Like it or not, Wal-Mart has changed the face of American retail. By using the best of the free market the company has saved Americans hundreds of billions of dollars over its lifetime, savings that they might have used to can use to provide more food to their children, to give to charity to buy their kid a computer for college, or just buy another flat screen TV. By any definition Wal-Mart is an American success story.
Unfortunately however, my love affair with Wal-Mart is fading… and fast. The first injury to the relationship was when the company supported ObamaCare in an effort to increase pressure on its smaller competitors. The second was when they supported the taxing of online sales. Since those two events I’ve reduced the money I spend in Wal-Mart by well over 50%. Now I’m beginning to wonder if I need to redirect most of what’s left. According to Bloomberg, the company is considering supporting the Obama administration’s move to raise the minimum wage. While Wal-Mart knows that it would incur higher wage costs, it also knows that because of its size and efficiency it can better weather the increase than most of its competitors.

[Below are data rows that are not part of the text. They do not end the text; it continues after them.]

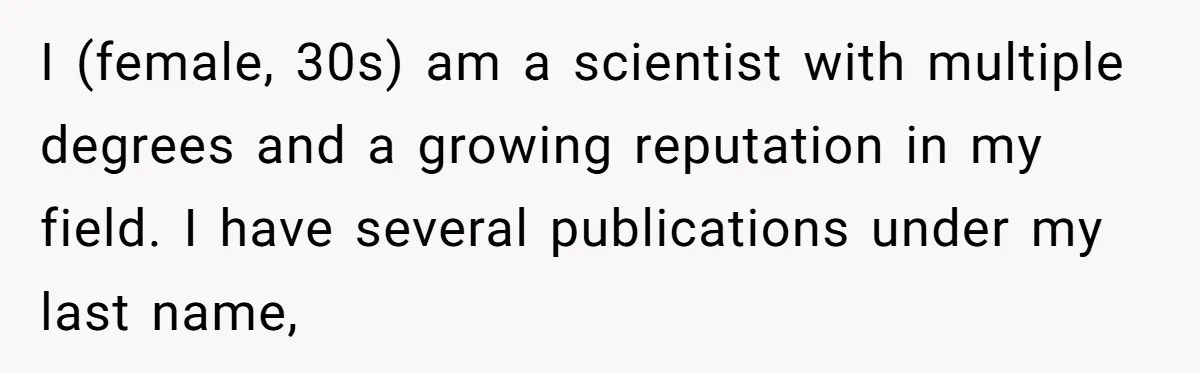 I (female, 30s) am a scientist with multiple degrees and a growing reputation in my field. I have several publications under my last name,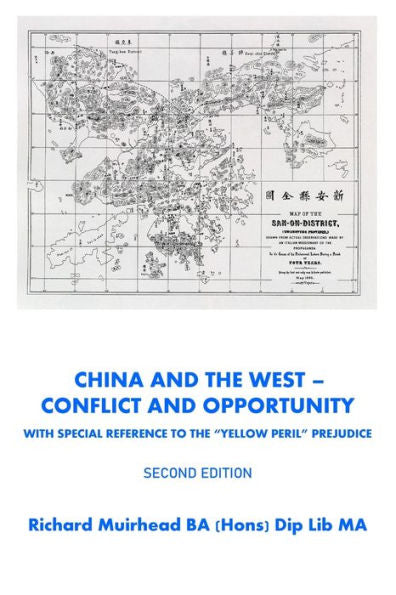 China y Occidente: Conflicto y oportunidad Segunda edición
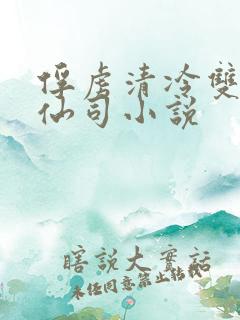 俘虏清冷双性美仙司小说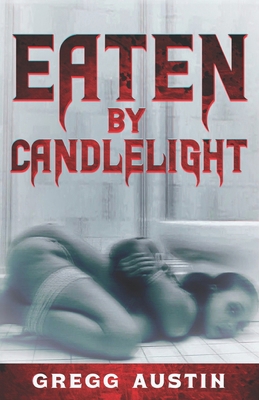 Eaten By Candlelight B0DKP4FH32 Book Cover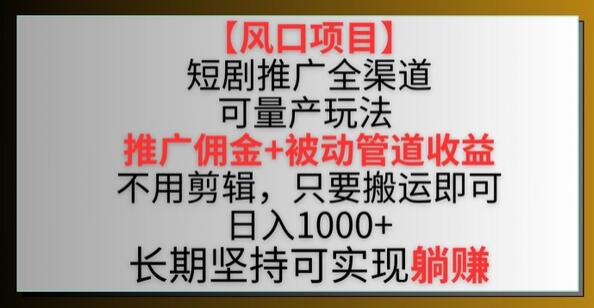 【风口项目】短剧推广全渠道最新双重收益玩法，推广佣金管道收益，不用剪辑，只要搬运即可-鲤鱼笔记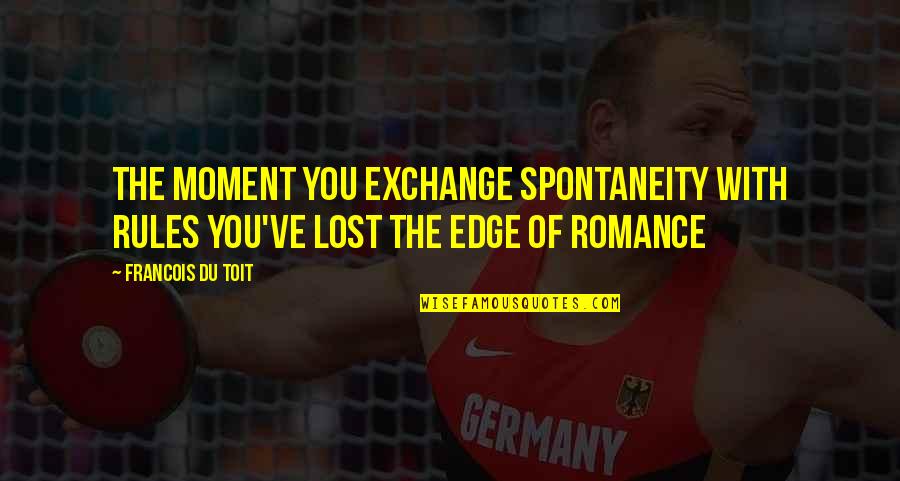 Clouds Zach Sobiech Quotes By Francois Du Toit: The moment you exchange spontaneity with rules you've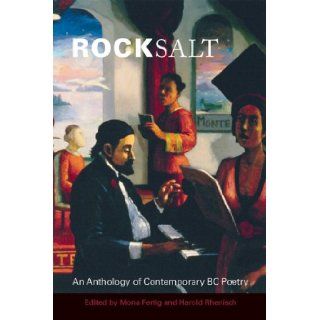 Rocksalt An Anthology of Contemporary B.C. Poetry 108 BC poets, Mona Fertig, Harold Rhenisch, Diana Dean cover painting 9781896949017 Books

And that’s the problem. If Wal-Mart wants to raise the wages of its employees, it has every right to do so and most people would applaud it in the process. Indeed that is the route the Gap and Costco have chosen. But alas, that is not the route Wal-Mart seems to be taking. (They supported an increase back in 2007 as well.) Instead the company is seeking to use to use the power of government to tilt the marketplace in its favor. It wants to use the government to force higher costs on its smaller, less efficient competitors. Essentially it wants the government to put its competitors at a competitive disadvantage.
This is the worst of capitalism – crony capitalism – when businesses use government to harm competitors or keep them at bay. Whether it’s Obamacare or a minimum wage increase or restaurants seeking to keep food trucks off the streets, it’s not only the competitors who lose, it’s the consumers and the market itself. Had Sears or K-Mart used the power of government to strangle baby Wal-Mart in its crib the company would not today be the largest retailer in the world. If AT&T had succeed in defending its government sanctioned monopoly and keeping MCI and other startup telephone companies at bay for another 100 years do you think we’d have iPhones, Netflix, or fixed price wireless plans? No. Of course not. The marketplace survives and thrives the less government intervenes. Wal-Mart of all companies should understand this.
By getting into bed with government Wal-Mart is repudiating the very thing that allowed it to prosper in the first place – the free market. Now that the company has used that free market to become the 800 lb gorilla in the retail marketplace it has repeatedly sought to harness the power of government to keep potential rivals from enjoying the same opportunity. Crony capitalism is the most despicable form of capitalism because it hides behind the mask of free markets. Thankfully however crony capitalism usually fails because the propped up company often becomes fat and lazy and forgets how to compete. If Wal-Mart wants to betray free markets, so be it, I just hope it’s not too long before the markets decide to strike back.
It is a shame we had to lose K-mart because of these tactics!!